BRIDGEMAN, Sir Orlando, 2nd Bt. (1678-1746), of Bloomsbury Square, Mdx.; Coventry, Warws. and Bowood, nr. Calne, Wilts.

Published in The History of Parliament: the House of Commons 1690-1715, ed. D. Hayton, E. Cruickshanks, S. Handley, 2002
Available from Boydell and Brewer



25 Feb. 1707 - 1710
1715 - 1722
25 Feb. 1724 - 1727
1727 - 1734
1734 - Feb. 1738

Family and Education

bap. 27 Apr. 1678, o. s. of Sir Orlando Bridgeman, 1st Bt.†, of Little Park Street, Coventry and Ridley, Cheshire, by Mary, da. of Sir Thomas Cave, 1st Bt., of Stanford Hall, Northants.  educ. Rugby 1689; Trinity, Oxf. 1694.  m. lic. 15 Apr. 1702 (with £10,000), Susannah (d. 1747), da. of Sir Francis Dashwood, 1st Bt.*, 3s. (2 d.v.p.) 2da. (1 d.v.p.).  suc. fa. as 2nd Bt. 20 Apr. 1701.1

Offices Held

Clerk of household to the Prince of Wales 1716–27; ld. of Trade 1727–37; gov. Barbados 1737–8.

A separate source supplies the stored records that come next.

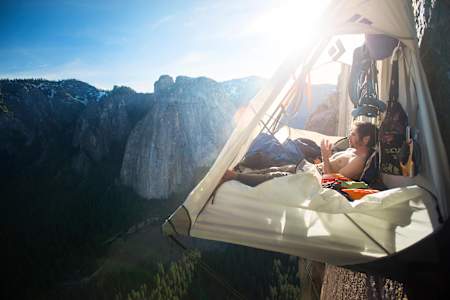 Kevin Jorgeson rests up before climbing El Capitan in Yosemite National Park.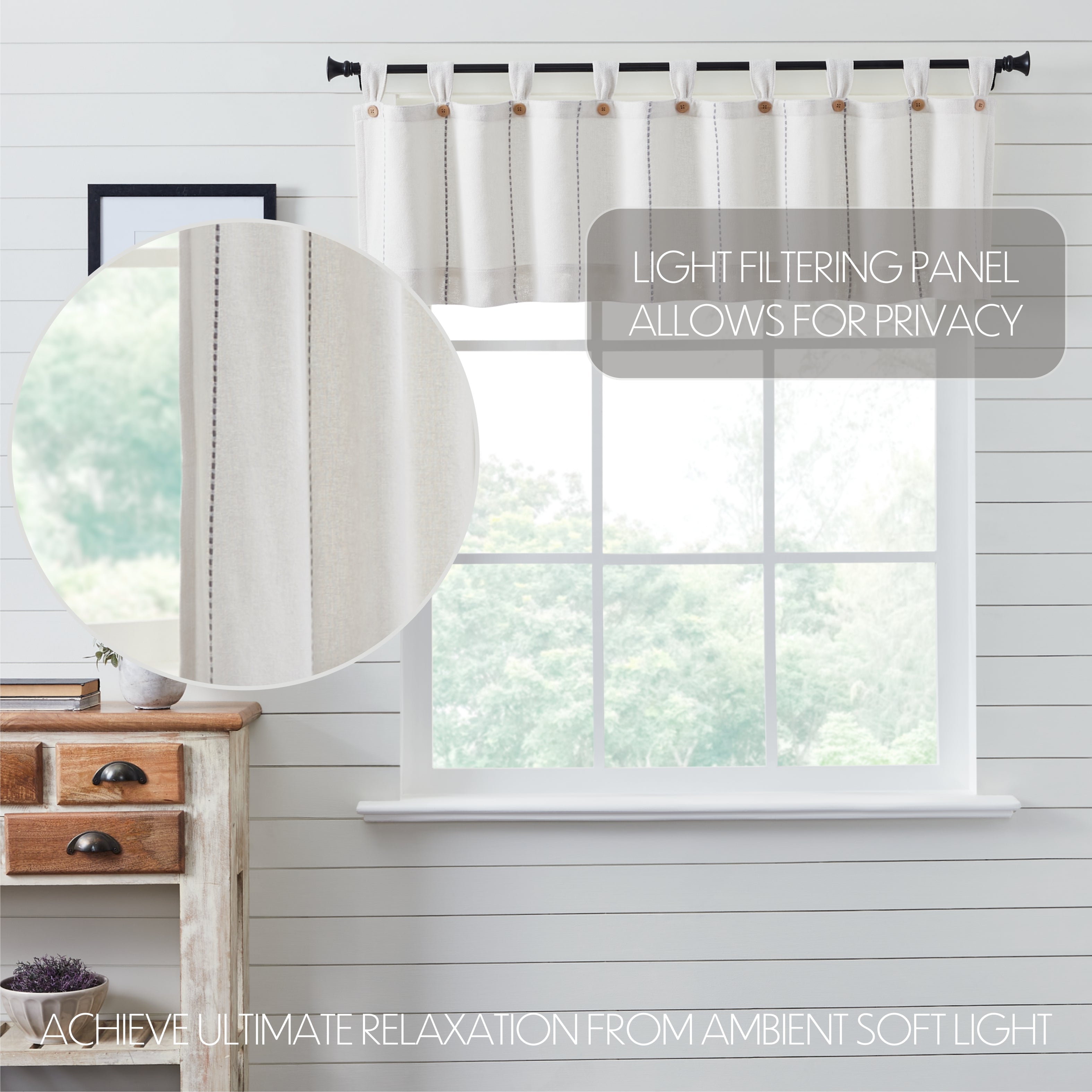 VHC Brands Stitched Burlap Curtain - Thumbnail 5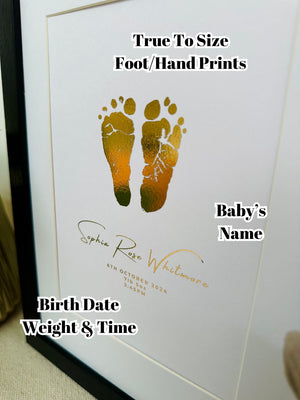 Foiled Baby Hand & Footprint Artwork, Kit NOT Included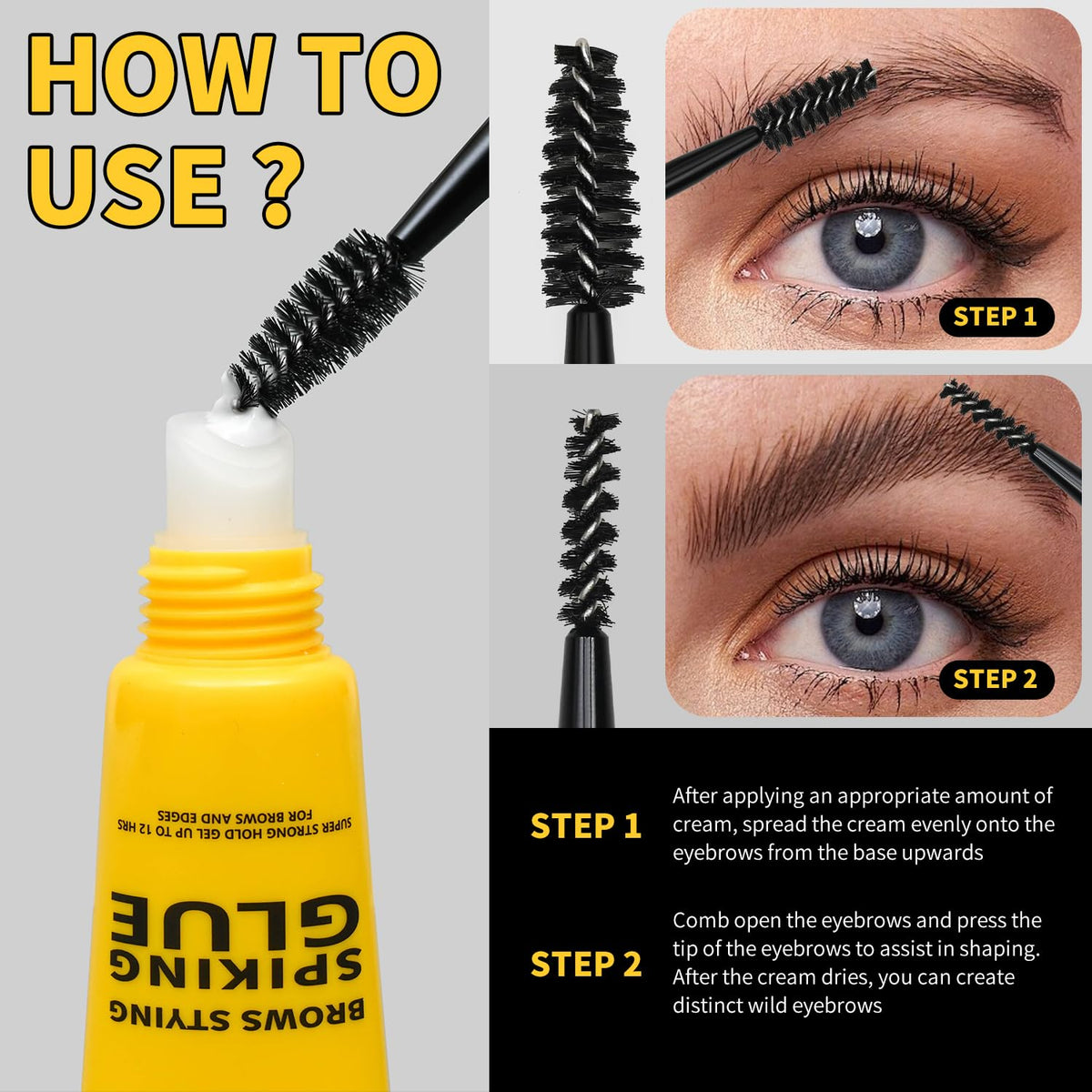 Brow Styling Spiking Glue - Clear Eyebrow Setting Gel, Brow Fix Gel for Long-Lasting Hold, Waterproof & Sweat-Proof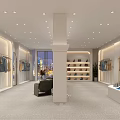 Modern Clothing Store Interior With Fashion Apparel Display Racks And Green Plants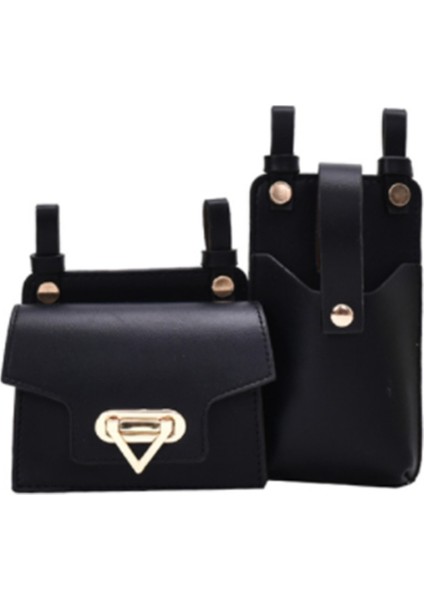 Kadın Lüks Kemer Çantası Kadın Yüksek Kaliteli Deri Flap Fanny Paketi Omuz Crossbody Göğüs Çantası, Siyah (Yurt Dışından)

Bridgeman, a grandson of Charles II’s lord keeper, succeeded to his father’s baronetcy and estates in 1701, a year or so after attaining his majority, and in 1702 made a financially advantageous match with a daughter of the wealthy City merchant, Sir Francis Dashwood. As part of the marriage settlement Bridgeman acquired Wanstead, one of Dashwood’s manors in Essex, which for a while he used as his main country residence but later sold. From his father he had inherited Bowood, a lease from the crown which was renewed in 1702. His father had been a well-known figure in Coventry where the family had an appreciable interest, and in 1705 Bridgeman himself put up as a Whig candidate there. Though defeated, he and his partner petitioned and succeeded in having the election declared void. Despite a ‘very vigorous opposition’, they succeeded in reversing the previous result in a second contest in February 1707. Bridgeman was classed as a Whig in two lists of early 1708, and was re-elected at Coventry in the election of May that year. The losing Tory candidates petitioned, and when the matter was considered before the elections committee in March 1709 he was confronted with accusations of bribery and a compromising report that he had told the sheriffs that ‘could he be returned by any majority, there would be a Parliament would do anything for him’. Notwithstanding, the opinion of the House carried in his favour. He was listed as having voted both for the naturalization of the Palatines and for the impeachment of Dr Sacheverell. Defeated at Coventry in 1710 as a result of the Tory resurgence in the city, he did not stand in 1713. In 1715 he was successful at the Wiltshire borough of Calne, where he exercised some influence by virtue of his seat at nearby Bowood.2

Bridgeman was afterwards a close supporter of Walpole and in 1727 was rewarded with a place on the Board of Trade. However, his building activities at Bowood, on which he had acquired the fee simple in 1727, brought escalating financial difficulty upon him. In 1738, shortly after obtaining the governorship of Barbados, he feigned his own suicide by drowning. He was later found, however, in October at an inn at Slough where he had taken refuge. He was buried on 5 Dec. 1746, having died in Gloucester gaol.3

Ref Volumes: 1690-1715

Author: D. W. Hayton


  • 1. IGI, Warws.; Colls. Wm. Salt Arch. Soc. n.s. ii. 238, 250–1; Wilts. Arch. Mag. xli. 503–6; Rugby Sch. Reg. ed. Solly, i. 11; Bodl. D. D. Dashwood (Bucks.) mss A2, f. 15; St. Botolph Bishopsgate Regs. ii. 362, 427.
  • 2. Colls. Wm. Salt Arch. Soc. 251; Wilts. Arch. Mag. xli. 412, 423, 504; Beaufort mss at Badminton House, Edward Hopkins* to [Ld. Coventry], 20 Feb. 1707; Add. 36868, ff. 9–10.
  • 3. HMC Egmont Diary, ii. 510; Wilts. Arch. Mag. 505; Gent. Mag. (1746), p. 668.